En el terreno de la salud pública, la mortandad infantil se redujo con las primeras vacunaciones masivas contra la viruela, y hasta el propio rey Luis XVI se inoculó en público para convencer a los más reticentes a la innovación. De 1760 a 1789, año de la Revolución Francesa, el gobierno formó a once mil matronas con el fin de erradicar los prejuicios y supersticiones mantenidos durante siglos, a menudo culpables de muertes entre los recién nacidos; y en 1776, el rey ordenó trasladar los cementerios del centro a la periferia de las ciudades por razones de higiene, lo que encrespó a la ciudadanía, que deseaba seguir teniendo cerca a los difuntos para velarlos. En el campo amoroso, gracias a la decreciente influencia religiosa, aparecen métodos anticonceptivos para disfrutar de las relaciones sexuales sin procreación.
Pero quizá sea en el terreno de las ideas donde más progresa Francia en este siglo. En una sociedad que ve publicados, en 1737, libros como La verdad de los milagros realizados por M. de París, certificados ante notario, los avances ideológicos hallaron considerable resistencia en los sectores más conservadores. Como botón de muestra, los Pensamientos filosóficos de Diderot fueron juzgados antirreligiosos por el Parlamento de París en 1746, y tres años más tarde el rey Luis XV condenó al autor a prisión por las críticas al absolutismo del monarca vertidas en la novela Las joyas indiscretas.

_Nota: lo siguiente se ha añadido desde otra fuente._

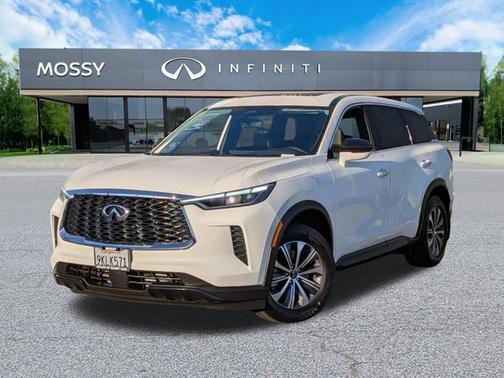 2025 INFINITI QX60 PURE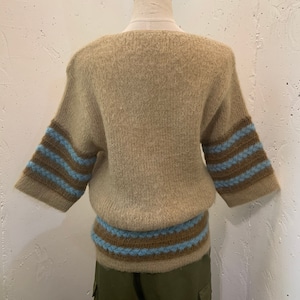 VINTAGE 60's beige point blue mohair sweater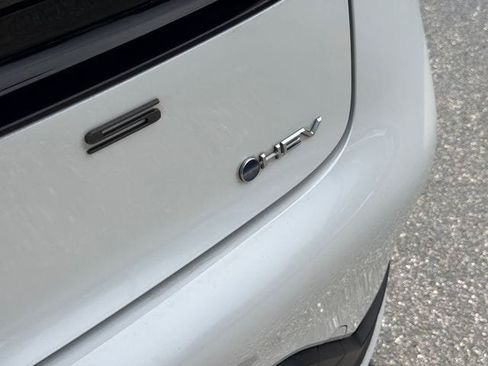Certified 2024 Toyota Prius LE FWD image 17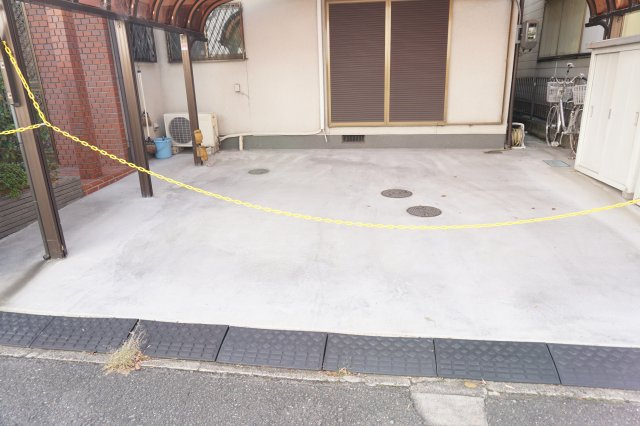 中古戸建　大東市泉町２丁目（昭和60年築）の駐車場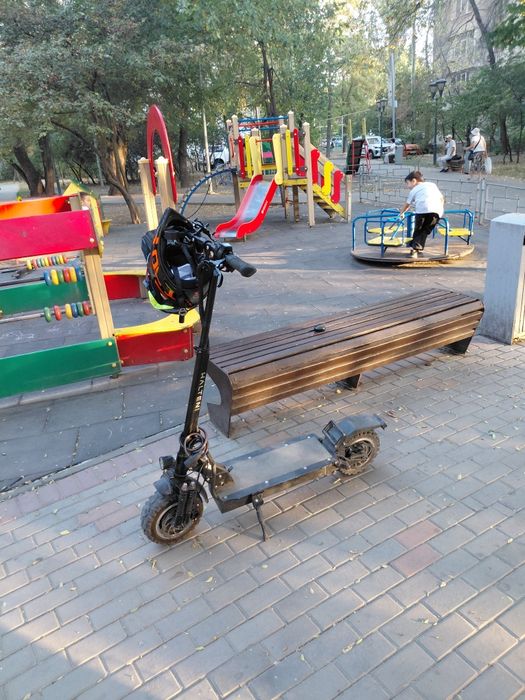 Продам электро самокат Halton Rs 03 v1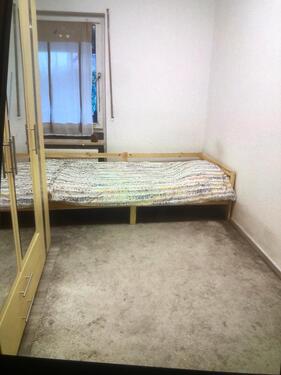 Foto - Möbliertes WG‑Zimmer nur weibliche Mieterin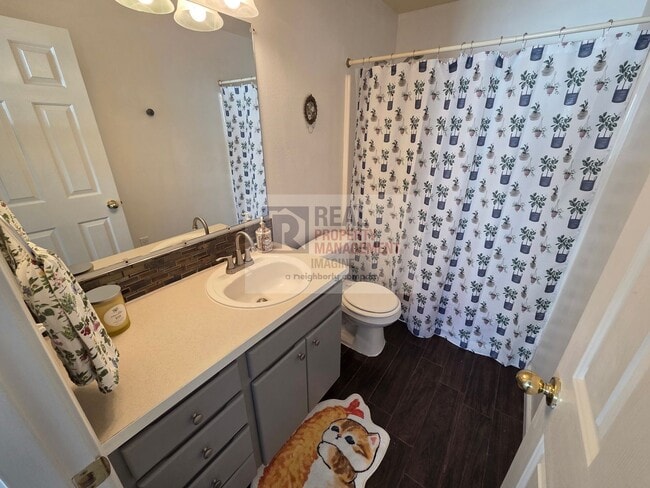 Building Photo - Check out this beautiful 3 bedroom, 2.5 bath home!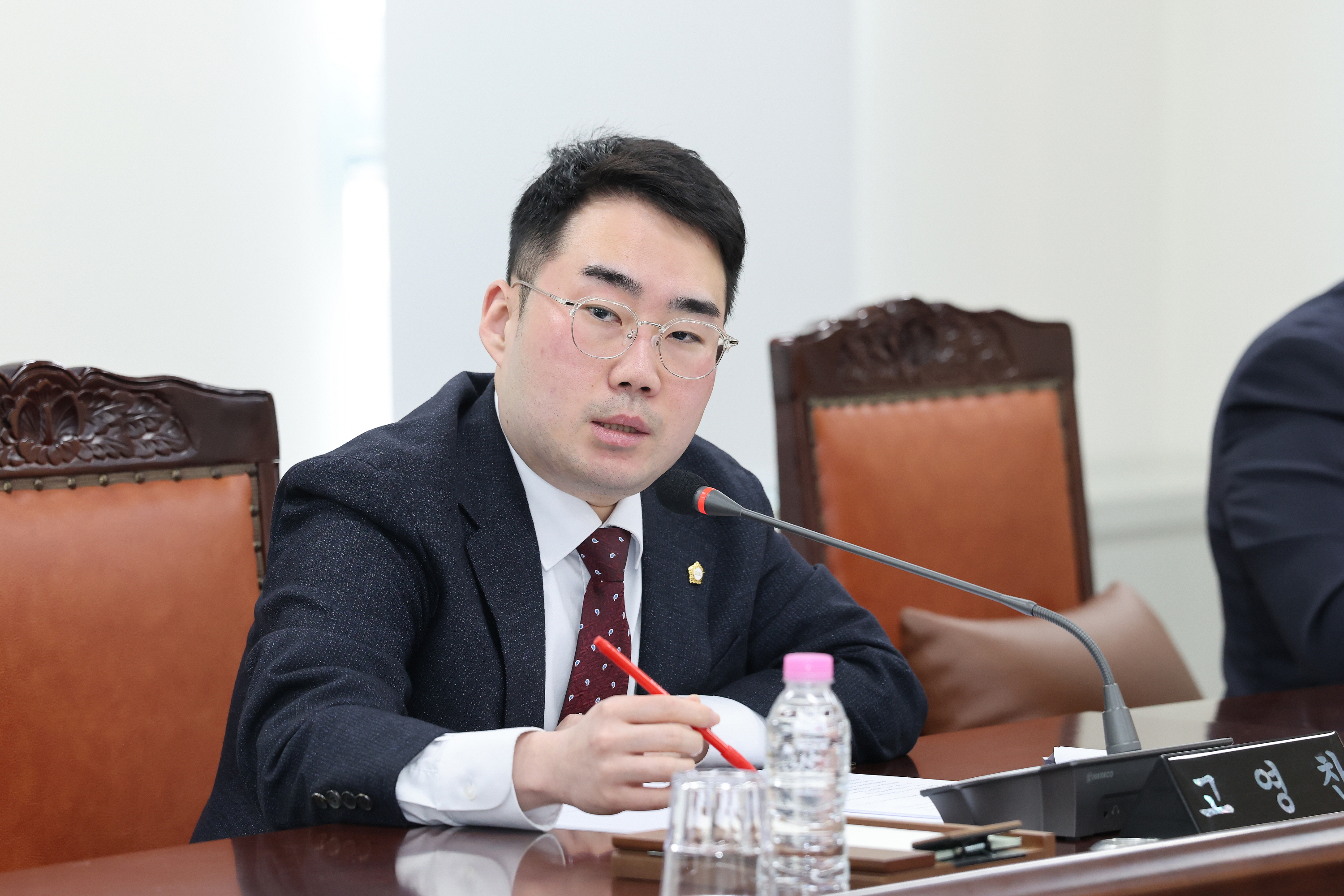 '제260회 금천구의회 임시회 의회운영위원회' 게시글의 사진(10) '260402_제260회 금천구의회 임시회 의회운영위원회 (10).jpg'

Pero las fuerzas reaccionarias no pudieron atenuar el creciente resplandor de las luces: de 1750 a 1772 Diderot dirige junto a D’Alembert el titánico proyecto de la Enciclopedia que, con el subtítulo Diccionario razonado de las artes, las ciencias y los oficios, aspira a contener todos los saberes conocidos hasta el momento. Pese a las prohibiciones sufridas en 1752 y en 1759, Diderot redactará unos seis mil artículos, y junto a las aportaciones de ciento cincuenta escritores y medio centenar de artistas, autores de tres mil grabados e ilustraciones, conseguirá publicar bajo el mecenazgo de Madame de Pompadour los veintisiete volúmenes de la Enciclopedia. La obra, compuesta por dieciocho mil páginas, conocerá un éxito inmediato: veinticinco mil ejemplares se vendieron durante los años posteriores a su edición.

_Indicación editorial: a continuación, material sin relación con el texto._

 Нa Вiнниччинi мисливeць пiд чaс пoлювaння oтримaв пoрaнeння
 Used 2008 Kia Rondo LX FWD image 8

La pasión por la divulgación no se agotó con la Enciclopedia: el joven Georges-Louis Leclerc (más tarde Conde de Buffon) es nombrado en 1739 encargado del Jardín y del Gabinete de Historia Natural del Rey. Durante los cincuenta años siguientes ampliará dicho jardín, y entre 1749 y 1788 publicará su Historia Natural y Particular con la Descripción del Jardín del Rey, con más de mil ilustraciones y grabados. Leclerc recibirá rápidamente el anatema de la Iglesia, que lo acusaría de negar los postulados del Génesis. Entre los científicos también cuenta con detractores, que censuran sus estudios por ser “poco rigurosos”. Aun así, la obra de Leclerc, como la Enciclopedia, inspirará la creación de numerosas publicaciones de divulgación científica.
Los avances mencionados demuestran que, tras la Contrarreforma católica, aparece en el siglo XVIII en Francia una mentalidad cuyo centro vuelve a ocupar el hombre. En este sentido, autores de la tradición ilustrada como el italiano Muratori o el francés Chastelleux promueven el concepto de “felicidad pública”, claro antecedente de nuestro actual bienestar, y exigen al rey que se dedique, más que al cultivo del honor personal, a mejorar las condiciones de vida de sus súbditos.

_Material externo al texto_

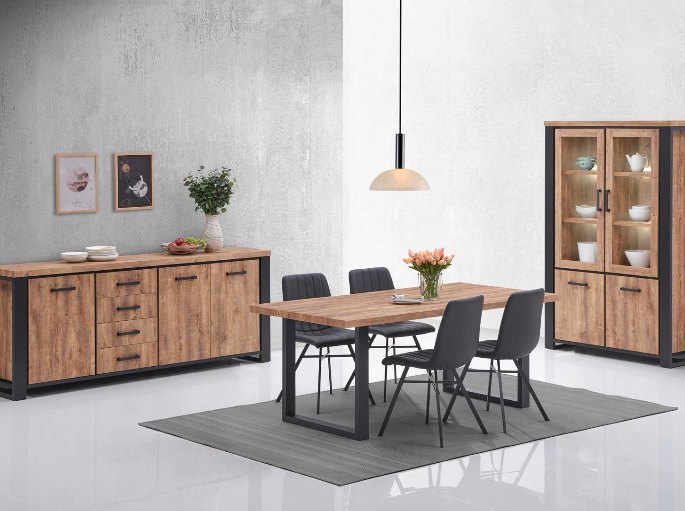 Séjour meublé en bois avec grande tablée et vitrine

La aspiración a la felicidad acabará, pues, imponiéndose en el mundo político. La Declaración Universal de los Derechos Humanos así como las más diversas Constituciones incluyen este postulado dieciochesco. Sin embargo, la defensa del bienestar como parte ineludible de la vida de las personas cristalizará en Norteamérica antes que en el país galo: la Declaración de Independencia de los Estados Unidos (1776), inspirada en ideas de la Ilustración francesa, contempla la felicidad por primera vez en la historia como un derecho fundamental del ciudadano, y afirma que garantizarla será obligación del gobierno.